Nellie: That's going to stop the whole Iraqi Army? Apaches that couldn't 
take off in Kosovo?

Rosie: Look, if Saddam miscalculated again, we'd reassemble the Grand 
Coalition, call up our reserves, and send in CNN's Bernard Shaw to narrate 
the bombing of Baghdad -- the whole nine-yard megillah.

Nellie: Bill Clinton would do that?

Rosie: All from upward of 50,000 feet, with not one U.S. casualty.

Nellie: But what if Saddam says he has the Bomb? And says he's willing to 
commit suicide but would take Tel Aviv or New York along with him? It may be 
a bluff, but he's had years to build a nuclear or biological bomb in secret, 
and I'd hate to be the president to take the chance. We have no defense 
against a single missile, you know.

Rosie: Get over your nightmares. After we call his military bluff, we'll get 
next week's G-7 meeting to demand the oil cartel cut prices to $20 a barrel. 
Then it's world prosperity as far as the ear can hear.
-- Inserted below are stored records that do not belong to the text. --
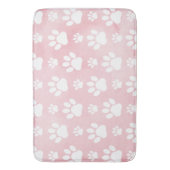 Tapis De Bain Motif De Pâtes, Patrouilles Blanches, Aquarelles,  (devant Vertical)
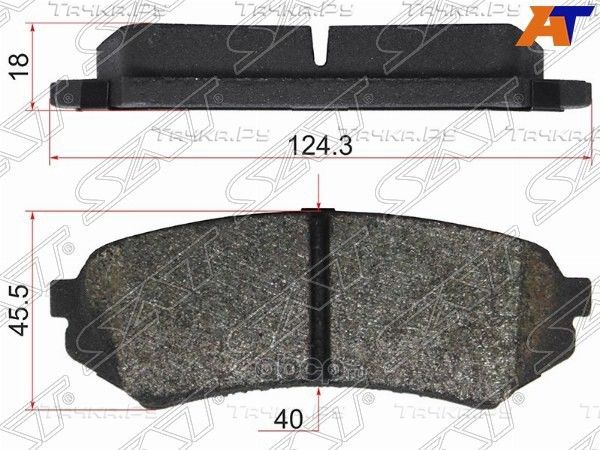 Колодки тормозные RR TOYOTA LAND CRUISER 80,105 (SAT). Артикул ST0446660070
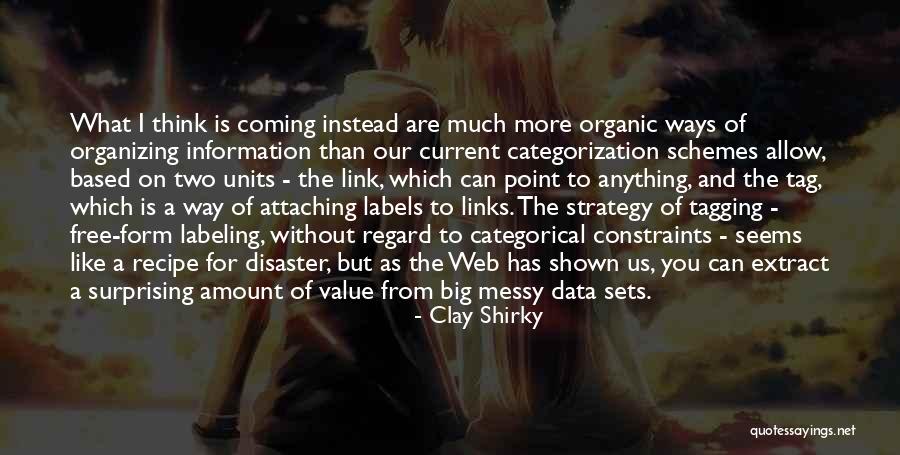 Categorization Quotes By Clay Shirky Categorization Quotes By Clay Shirky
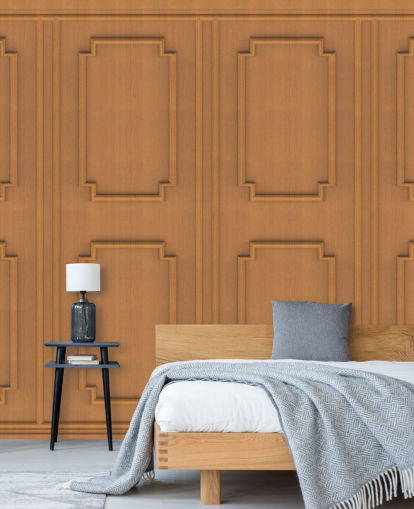 papel pintado panel de madera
Who's right, Rosie Scenario or Nervous Nellie? I say we should hope for the 
best and prepare for the worst. That means asking this president and the 
candidates to take his place: What if? Are we ready?

Let each cool-headed debater say during those 90 unforgiving minutes how he 
would deal with Saddam's economic and military threats. As Kipling never 
wrote: If you can keep your head while all others about you are losing 
theirs -- perhaps you don't understand the seriousness of the situation.